Foreign Policy NSA Security Wikileaks

Edward Snowden Reminds Us All Of What Is Most Important

For the first time since taking shelter in Russia this past August, Wikileaks posted an edited video clip this week showing Edward Snowden speaking at a dinner in Moscow after receiving the Sam Adams prize for integrity in intelligence.

Edward Snowden on the Republican party U.S. intelligence gathering programs:

They hurt our economy. They hurt our country. They limit our ability to speak and think and live and be creative, to have relationships and to associate freely.”

Whoa, whoa, whoa. They limit our ability to think and be creative and to have relationships?

Jesus, what did we ever do before the internet?

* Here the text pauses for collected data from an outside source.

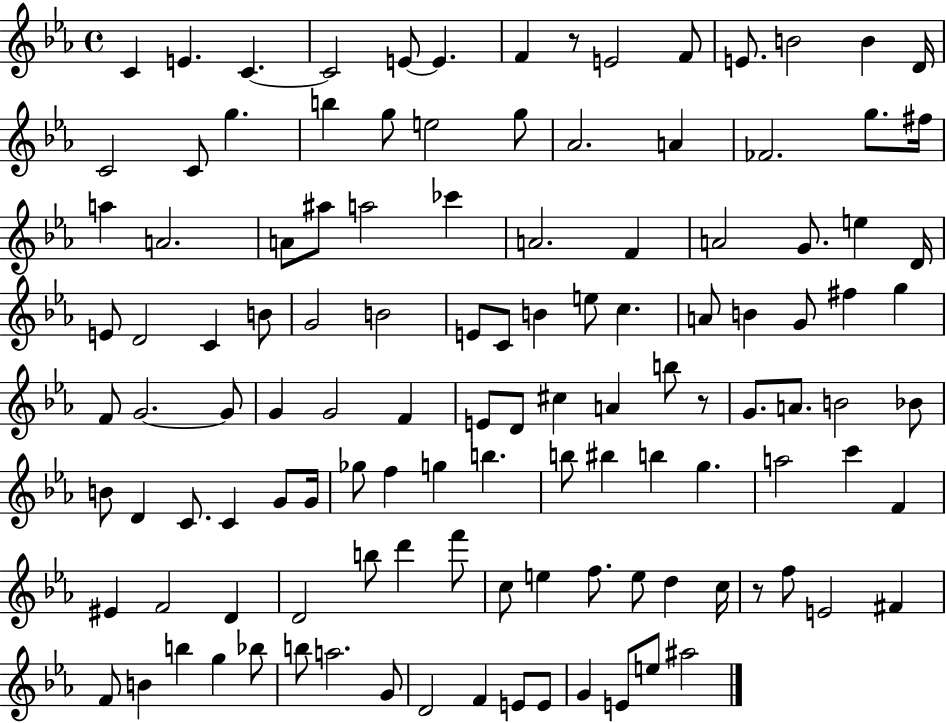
C4/q E4/q. C4/q. C4/h E4/e E4/q. F4/q R/e E4/h F4/e E4/e. B4/h B4/q D4/s C4/h C4/e G5/q. B5/q G5/e E5/h G5/e Ab4/h. A4/q FES4/h. G5/e. F#5/s A5/q A4/h. A4/e A#5/e A5/h CES6/q A4/h. F4/q A4/h G4/e. E5/q D4/s E4/e D4/h C4/q B4/e G4/h B4/h E4/e C4/e B4/q E5/e C5/q. A4/e B4/q G4/e F#5/q G5/q F4/e G4/h. G4/e G4/q G4/h F4/q E4/e D4/e C#5/q A4/q B5/e R/e G4/e. A4/e. B4/h Bb4/e B4/e D4/q C4/e. C4/q G4/e G4/s Gb5/e F5/q G5/q B5/q. B5/e BIS5/q B5/q G5/q. A5/h C6/q F4/q EIS4/q F4/h D4/q D4/h B5/e D6/q F6/e C5/e E5/q F5/e. E5/e D5/q C5/s R/e F5/e E4/h F#4/q F4/e B4/q B5/q G5/q Bb5/e B5/e A5/h. G4/e D4/h F4/q E4/e E4/e G4/q E4/e E5/e A#5/h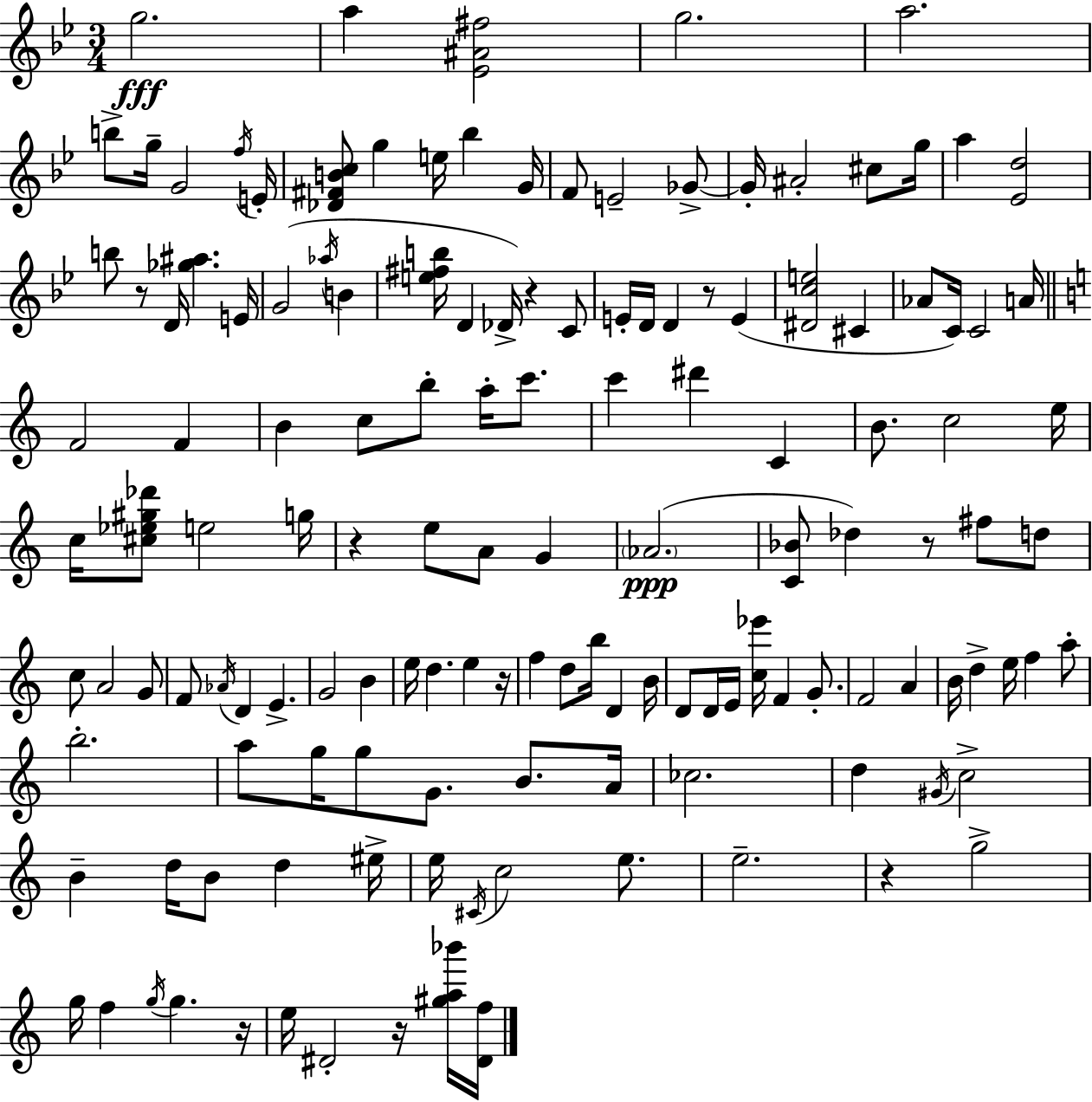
X:1
T:Untitled
M:3/4
L:1/4
K:Bb
g2 a [_E^A^f]2 g2 a2 b/2 g/4 G2 f/4 E/4 [_D^FBc]/2 g e/4 _b G/4 F/2 E2 _G/2 _G/4 ^A2 ^c/2 g/4 a [_Ed]2 b/2 z/2 D/4 [_g^a] E/4 G2 _a/4 B [e^fb]/4 D _D/4 z C/2 E/4 D/4 D z/2 E [^Dce]2 ^C _A/2 C/4 C2 A/4 F2 F B c/2 b/2 a/4 c'/2 c' ^d' C B/2 c2 e/4 c/4 [^c_e^g_d']/2 e2 g/4 z e/2 A/2 G _A2 [C_B]/2 _d z/2 ^f/2 d/2 c/2 A2 G/2 F/2 _A/4 D E G2 B e/4 d e z/4 f d/2 b/4 D B/4 D/2 D/4 E/4 [c_e']/4 F G/2 F2 A B/4 d e/4 f a/2 b2 a/2 g/4 g/2 G/2 B/2 A/4 _c2 d ^G/4 c2 B d/4 B/2 d ^e/4 e/4 ^C/4 c2 e/2 e2 z g2 g/4 f g/4 g z/4 e/4 ^D2 z/4 [^ga_b']/4 [^Df]/4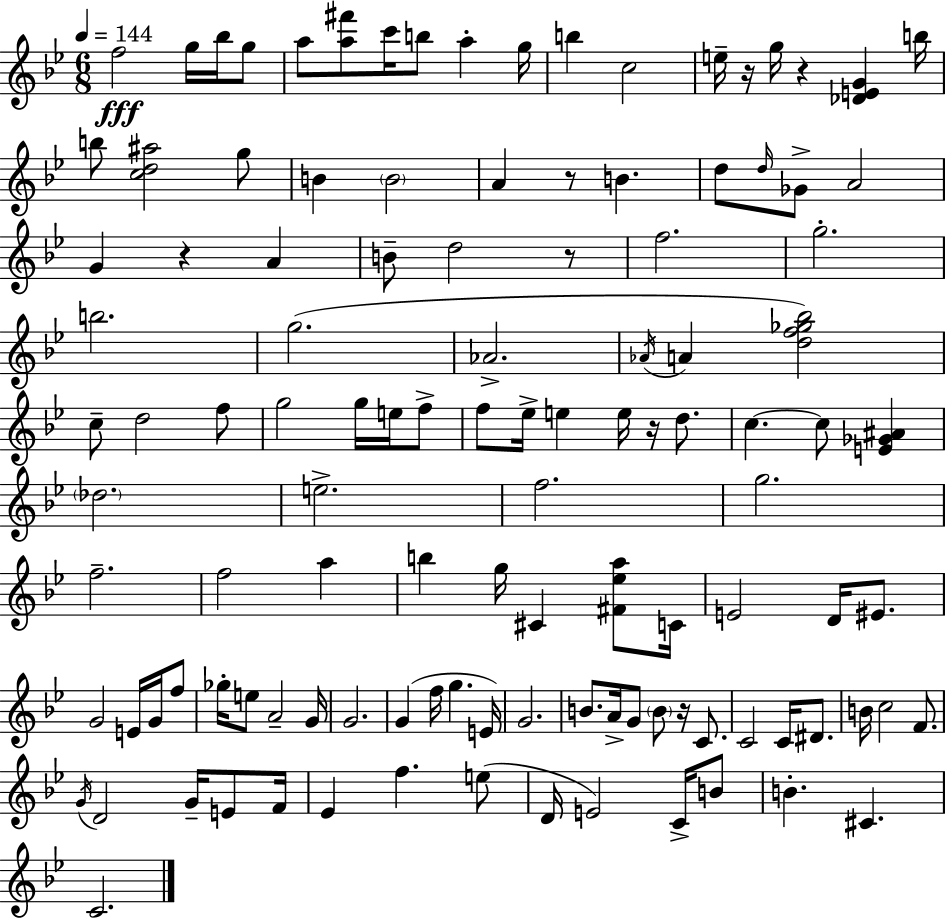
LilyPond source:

{
  \clef treble
  \numericTimeSignature
  \time 6/8
  \key bes \major
  \tempo 4 = 144
  f''2\fff g''16 bes''16 g''8 | a''8 <a'' fis'''>8 c'''16 b''8 a''4-. g''16 | b''4 c''2 | e''16-- r16 g''16 r4 <des' e' g'>4 b''16 | \break b''8 <c'' d'' ais''>2 g''8 | b'4 \parenthesize b'2 | a'4 r8 b'4. | d''8 \grace { d''16 } ges'8-> a'2 | \break g'4 r4 a'4 | b'8-- d''2 r8 | f''2. | g''2.-. | \break b''2. | g''2.( | aes'2.-> | \acciaccatura { aes'16 } a'4 <d'' f'' ges'' bes''>2) | \break c''8-- d''2 | f''8 g''2 g''16 e''16 | f''8-> f''8 ees''16-> e''4 e''16 r16 d''8. | c''4.~~ c''8 <e' ges' ais'>4 | \break \parenthesize des''2. | e''2.-> | f''2. | g''2. | \break f''2.-- | f''2 a''4 | b''4 g''16 cis'4 <fis' ees'' a''>8 | c'16 e'2 d'16 eis'8. | \break g'2 e'16 g'16 | f''8 ges''16-. e''8 a'2-- | g'16 g'2. | g'4( f''16 g''4. | \break e'16) g'2. | b'8. a'16-> g'8 \parenthesize b'8 r16 c'8. | c'2 c'16 dis'8. | b'16 c''2 f'8. | \break \acciaccatura { g'16 } d'2 g'16-- | e'8 f'16 ees'4 f''4. | e''8( d'16 e'2) | c'16-> b'8 b'4.-. cis'4. | \break c'2. | \bar "|."
}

The U.S. government invented the internet. So, in fact, it is the U.S. government that provided the greatest tool for encouraging democracy, creativity, commerce, and relationships that the world has ever known. You’re welcome, World. Some thanks.

Snowden expounds:

“And there’s a far cry between legal programs, legitimate spying, legitimate law enforcement, where it’s targeted, where it’s based on reasonable suspicion, and individualized suspicion and warranted action. This sort of dragnet mass-surveillance that puts entire populations under sort of an eye that sees everything, even when it’s not needed… if we can’t understand the policies and programs of our government, we cannot grant our consent in regulating them.”

This all-seeing eye failed to catch Edward Snowden stealing state secrets, so obviously it’s not seeing everything. As an expert on espionage, Edward Snowden will decide what is legal, what is needed, and what is reasonable, individualized suspicion. He will decide what written rules of law to circumvent. And if we can’t understand how we got here over the course of over 237 years of progress and industrialization, better just let foreign governments decipher all that information first. Oy.

I’ve asked myself if this has made the country safer. I can’t say that it has.